013 - Heresingel 13
In oktober 1875 werd een begin gemaakt met de sloop van de vestingwerken. Een deel van de vrijkomende gronden had men een paar jaar later nodig om de zuidelijke gracht te kunnen vergraven tot het Verbindingskanaal. Voor het resterende deel maakte de Haagse bouwkundige Brouwer een plan waarmee hij Groningen grootsteedse allure hoopte te geven. In 1878 was hij klaar en twee jaar later werden de trottoirs, groen- en rijstroken nauwkeurig uitgemeten. De bouw kwam echter maar langzaam op gang en er werden niet meer dan twee of drie huizen tegelijk gebouwd. Het terrein tussen de Heresingel en het kanaal was dan ook pas in 1892 aan de beurt om in percelen verdeeld en verkocht te worden. Sectie H 2092 kwam toen in het bezit van freule H. Mees-Gockinga.
Mevrouw Mees had binnen vijf jaar haar man en twee van haar vier kinderen ten grave gedragen en wilde een nieuw begin in een andere omgeving. Ze gaf de vermaarde Amsterdamse architect Abraham Salm Gzn. opdracht een villa te ontwerpen. Haar tienjarig zoontje Willem Cornelis, die later als hoogleraar in de voetsporen van zijn vader zou treden, mocht op 21 juni 1893 de eerste steen leggen. De werkzaamheden die daarop volgden hadden wat meer voeten in de aarde en de laatste hand kon pas in het voorjaar van 1894 worden gelegd. Spoedig werd de villa door haar alpine-uiterlijk algemeen aangeduid als het ‘Zwitserse huis’. Het pand was van alle gemakken voorzien, waarbij zelfs aan een riolering was gedacht.
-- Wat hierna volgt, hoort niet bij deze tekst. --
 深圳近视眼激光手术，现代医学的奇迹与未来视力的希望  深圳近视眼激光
Tegenwoordig wordt het pand vanwege de voor die periode zeer zeldzame chaletstijl van belang geacht voor de architectuurgeschiedenis.
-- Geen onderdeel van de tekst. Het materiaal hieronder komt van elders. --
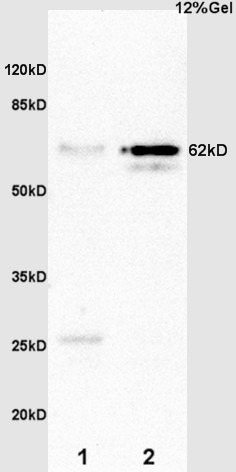 Anti-AMPK alpha 2 Polyclonal Antibody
Na de familie Mees betrokken juristen, artsen en hoogleraren de villa, meestal op of vlak na het hoogtepunt van hun carrière. De laatste bewoner was de chirurg P. Berg. Op 10 mei 1966 werd het pand op verzoek van de nieuwe eigenaar, de Rijksuniversiteit Groningen, ‘bij gemeentelijk besluit aan z’n bestemming onttrokken’. Na een kortstondig verblijf van de afdeling ‘Franse taal- en letterkunde’ werd het huis langere tijd door historici en daarna door polemologen bevolkt. In het voorjaar van 1989 verkocht de Universiteit het gebouw aan de notarissen Van Olst & Brouwer. Het pand is nu weer in gebruik als woonhuis.